Assignment: Storing Geographic Data in a Multi-CRS Table

File-based spatial data formats, such as shapefiles, can only store the geometries using a single CRS. Using PostGIS opens up the possibility of storing each feature’s geometry in a different CRS. One use case would be to store each feature in a locally appropriate coordinate system.

For example, the United States covers a large area. In storing data for the United States, you have to choose between using a continental projection (or lat-long coordinates) that would be inappropriate for urban and regional mapping, or choosing locally appropriate projections and transforming to a continental projection when mapping at that scale. In a file-based data format, each of those local projections would need to be in a separate file. In PostGIS, they can all be in one table, and transformed when necessary to a common CRS.

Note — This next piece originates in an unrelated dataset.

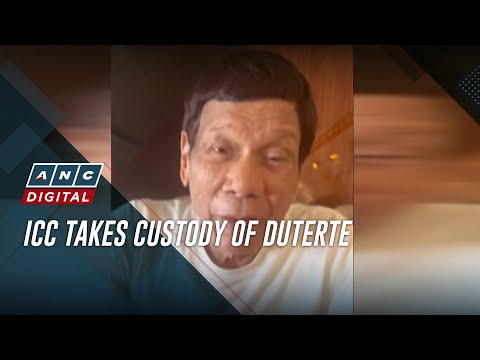 ICC takes custody of Duterte | ANC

Pennsylvania has two State Plane zones, North and South. For this exercise, you will load the county data from Census layers on the Kropotkin server into a multi-CRS table, and use it in QGIS.

  1. Download the United States counties shapefile from the Census: https://www2.census.gov/geo/tiger/GENZ2016/shp/cb_2016_us_county_500k.zip. Upload it to your localhost PostGIS server.
  2. Using SQL, delete all counties that are not in Pennsylvania.
  3. Remove the SRID from the geometry column* of the table with the following SQL statement:
    ALTER TABLE scratch.<table>
    ALTER COLUMN geom TYPE geometry(MultiPolygon);
    
  4. Transform the geometry of each county based on whether it falls in Pennsylvania State Plane North or State Plane South. A list of which counties fall in which zone is available at https://gist.github.com/fitnr/10795511. If you are on Temple campus, you can also refer to the table public.county_spzone on Kropotkin.
  5. Add this data to QGIS. Note how it appears in the data selection interface. Note whether there are any problems in loading or displaying the data.

To Turn In

  1. A SQL script in one file with the statements that you ran in steps 2, 3, and 4. (I know I gave you the statement in step 3, but include it in your script anyway. We are trying to get in the habit of keeping the complete workflow in one script file.)
  2. A document with your observations from step 5, and a discussion of the pros and cons of storing geometries with different SRIDs in one database table.